Development of targeted whole genome sequencing approaches for Crimean-Congo haemorrhagic fever virus (CCHFV)

Virus Res. 2024 Sep 20:350:199464. doi: 10.1016/j.virusres.2024.199464. Online ahead of print.

Abstract

Crimean-Congo haemorrhagic fever (CCHF) is the most prevalent human tick-borne viral disease, with a reported case fatality rate of 30 % or higher. The virus contains a tri-segmented, negative-sense RNA genome consisting of the small (S), medium (M) and large (L) segments encoding respectively the nucleoprotein (NP), the glycoproteins precursor (GPC) and the viral RNA-dependent RNA polymerase (RDRP). CCHFV is one of the most genetically diverse arboviruses, with seven distinct lineages named after the region they were first reported in and based on S segment phylogenetic analysis. Due to the high genetic divergence of the virus, a single targeted tiling PCR strategy to enrich for viral nucleic acids prior to sequencing is difficult to develop, and previously we have developed and validated a tiling PCR enrichment method for the Europe 1 genetic lineage. We have developed a targeted, probe hybridisation capture method and validated its performance on clinical as well as cell-cultured material of CCHFV from different genetic lineages, including Europe 1, Europe 2, Africa 2 and Africa 3. The method produced over 95 % reference coverages with at least 10x sequencing depth. While we were only able to recover a single complete genome sequence from the tested Europe 1 clinical samples with the capture hybridisation protocol, the data provides evidence of its applicability to different CCHFV genetic lineages.
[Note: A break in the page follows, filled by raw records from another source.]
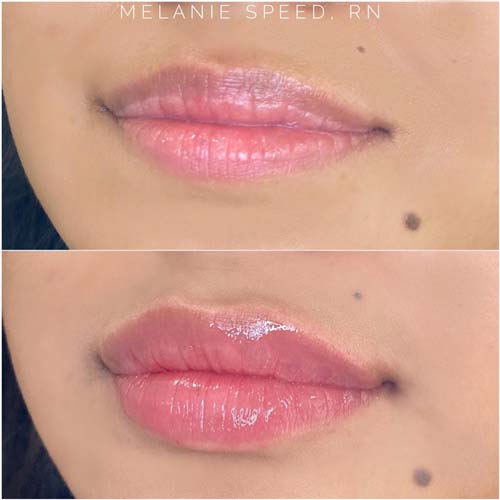 Lip Augmentation Before & After Photos by Flawless Medspa in Las Vegas NV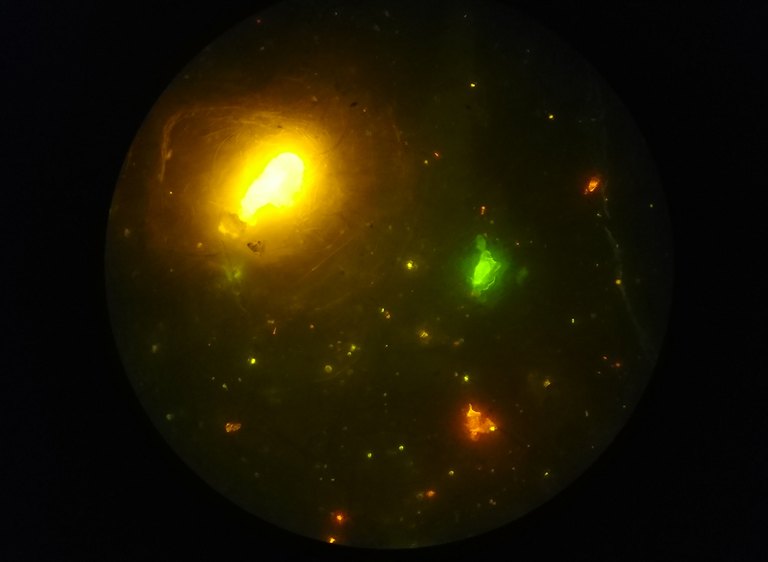 Blick durchs Mikroskop: Dunkele Fläche mit leuchtenden gelben, grünen und orangen Partikeln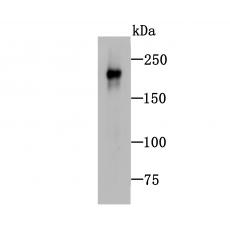 Anti-Neurofilament antibody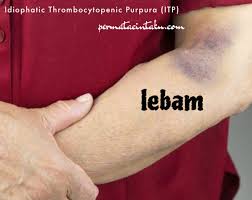 Penyakit itp adalah singkatan dari idiopathic thrombocytopenic purpura, gangguan kekebalan tubuh dengan ciri darah tidak bisa membeku sebagaimana mestinya. Good Health For Life Apakah Itu Penyakit Itp Adakah Cara Untuk Merawatnya Anda Perlu Ketahuinya
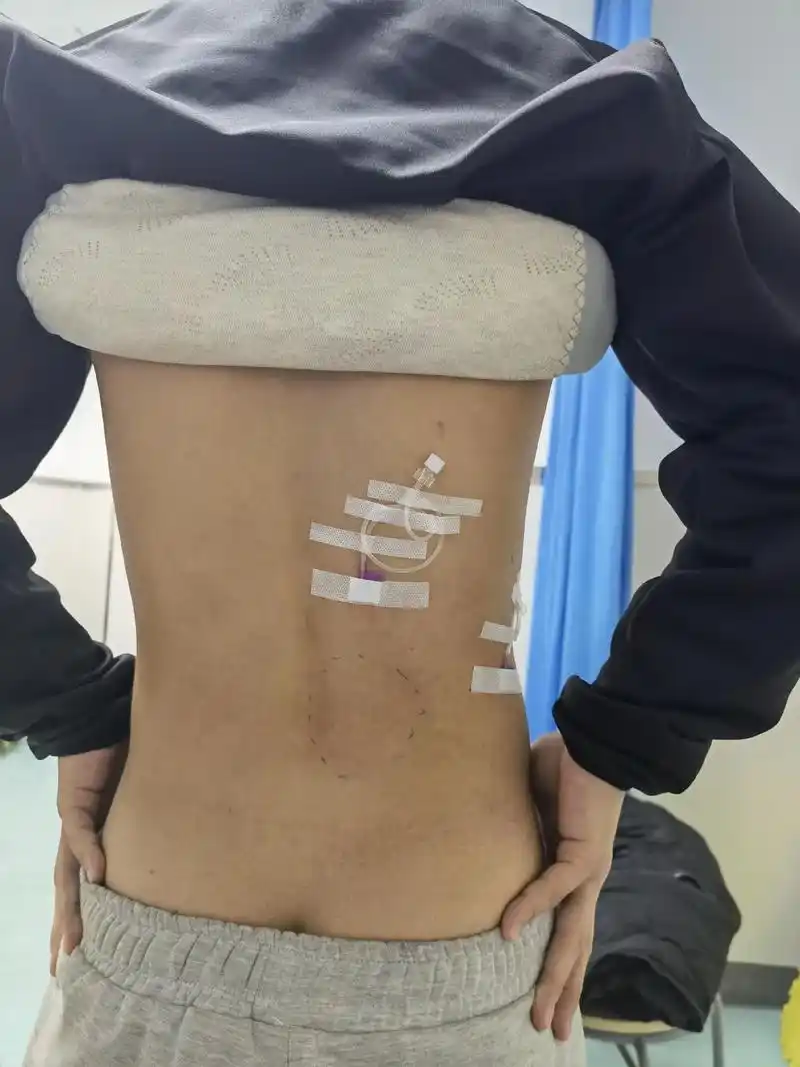 腰扭伤 #皮内针  体育生,腰扭伤一个星期,针前不敢弯腰, - 抖音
CCHFV is an important tick-borne human pathogen with wide geographical distribution. Environmental as well as anthropogenic factors are causing increased CCHFV transmission. Development of strategies to recover CCHFV sequences from genetically diverse lineages of the virus is of paramount importance to monitor the presence of the virus in new areas, and in public health responses for CCHFV molecular surveillance to rapidly detect, diagnose and characterise currently circulating strains.

Keywords: CCHFV; Next-generation sequencing, Targeted enrichment; Probe hybridisation capture.